Transferring the data would have taken longer than the time I had to run the training, and I while the model would have been a lot more accurate, this wasn’t too important for my paper.


DISCLAIMER: TensorFlow on Windows require strictly Python 3.5 64-bit and never was how the author states

> As of the writing of this post, TensorFlow requires Python 2.7, 3.4 or 3.5


Anyone know what the process in TensorFlow is like for taking your trained network and bringing it into another application (or whether this is even possible)? Just wondering whether it's easy/difficult/(in)flexible or whatever.

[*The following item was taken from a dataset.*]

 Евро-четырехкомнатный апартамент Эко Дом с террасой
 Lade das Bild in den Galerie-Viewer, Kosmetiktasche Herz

Edit: to clarify: by 'another application' I mean something else you're making that it serves as an algorithm within (e.g. a handwriting recognizing Android app).


It varies :) Mores especially it depends on your final platform and programming language. Android is fine, pure C++ without Python is more difficult though doable (eg deepdetect server has support for it), many other wrappers exist around TF.


Deeplearning4j had done this for a long time. Tensorflow has been slow to serve Windows.